1.) Read the article and discuss the benefits and difficulties of personalized learning. What is your opinion in the topic? Can you give examples of personalized learning you see at your school?
Difficulties: There is a little grey area for me when talking about personalized learning, now that I have spent time teaching and being an educator. I am a little overwhelmed by the large definition that enables personalized education to be just about anything. In these few months in the classroom I have realized that teachers really are underpaid for what they do, and of course, their summers, or a month and a half they get off, is well earned and needed for maintaining mental health. The sheer scope of diversity that we have in this country is only increasing and the ability for teachers to coherently administer a classroom that not only differentiates, but personalizes, and monitors 35 students learning progress in a classroom is a lot to ask. I think a lot of teachers are just trying to keep their heads above water, differentiating instruction for the few students that need it in their classroom is a lot, not to mention trying to personalize 35 student experiences. Obviously, there are tools out there available to teachers to help in this processes, technology and dual credits, in which one might even argue make the teachers job easier. With all this being said, I agree with the author of this article in her conclusion about really planning and taking time to develop what “personalized learning’ looks like in your school, with your teachers, before implementing it. I think if enough planning and time is spent talking about what the specifics are going to look like, I know myself, as a teacher in training, would be much more comfortable with the idea of personalized learning.

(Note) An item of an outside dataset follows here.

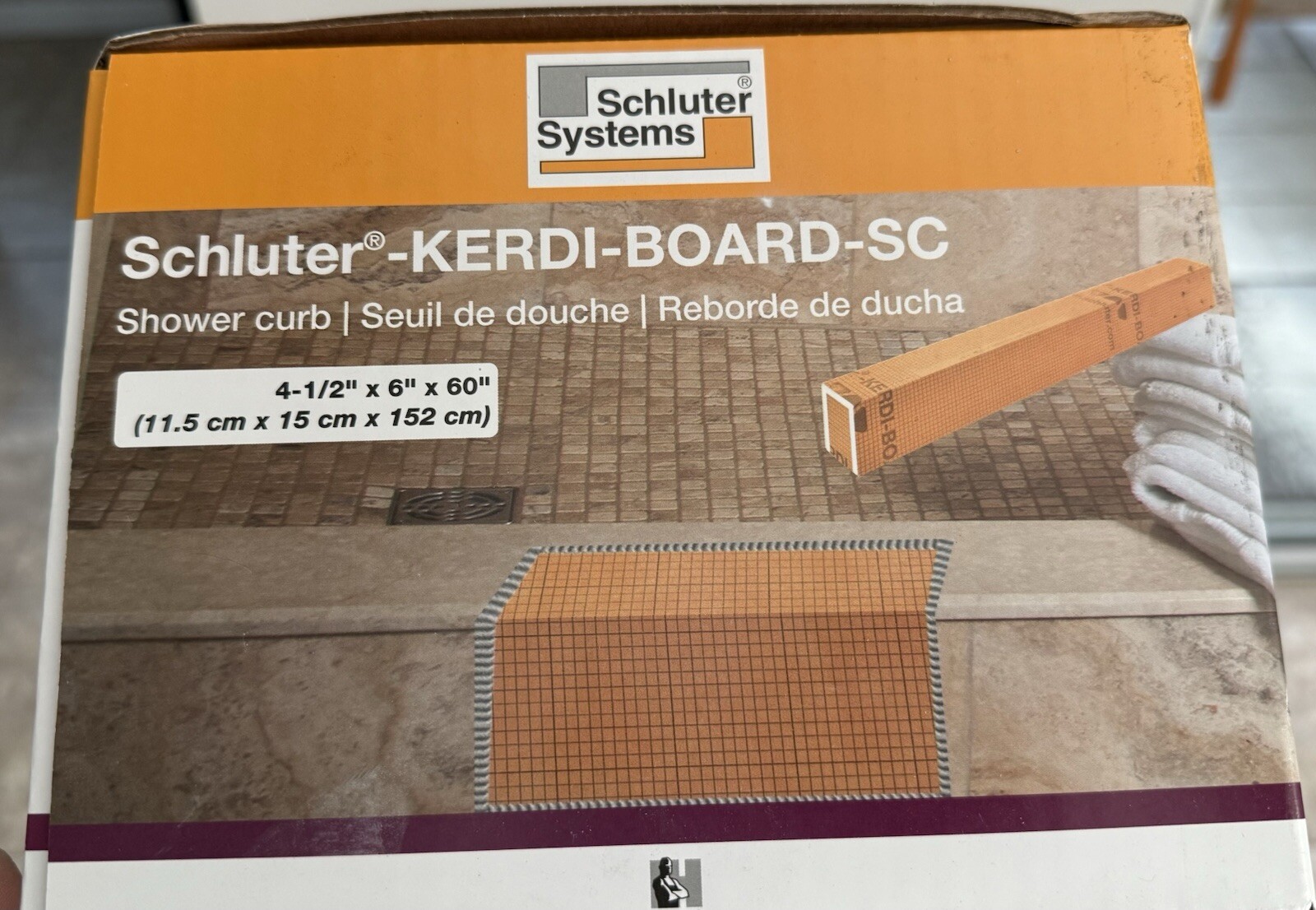 Schluter Systems Kerdi-Board-SC 60-in x 6-in x 4-1/2-in (KBSC1151501524)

Benefits: I think that personalized learning is really a cool idea, and something that I think could be good for our education system. I think that it’s really become more about going through the motions in school than anything else. I know that even for myself in college it has been more about surviving and getting a passing grade than learning sometimes, not that I wanted it to be that way, I wanted and want to learn, but sometimes the monotony of learning about things I didn’t feel I needed to learn about or the sheer amount of work often caused me to just shut down and do nothing. I think that like myself, most people hate wasting time and sometimes school can feel like a waste of time, “it’s not applicable to me or my goals’, “when am I going to use this’. I think there is a balance, and there are things that students should learn about that they will not enjoy, I don’t know if we can ever get away from that, but altering our focus on producing just college students, professors, and researchers, might help mitigate some of these struggles. If we do this then maybe we can cater to the future welders, mechanics, carpenters, clerks, entrepreneurs, and bus drivers that make up the majority of our workforce. Sometimes learning a little less, and understanding more, is better in my opinion.
2.) Include a link to a good web article or resource and share it with other students.
Prodigy is the rave in elementary and middle school student circles. I have been working with and observing in both the middle school and elementary classes in Nenana and students love playing prodigy. Prodigy is an awesome tool for teachers because you can cater it to a student’s needs, only allowing them to do problems on topics that they struggle with, or it allows you the option of aligning the problems with your state standards. The game is simple really, the students make characters and “do battle’ with other students or with the game, and win these “battles’ by their ability to solve math problems. They go on missions and complete assignments on their own, or in teams, it compels them to do math, and they really, really enjoy it.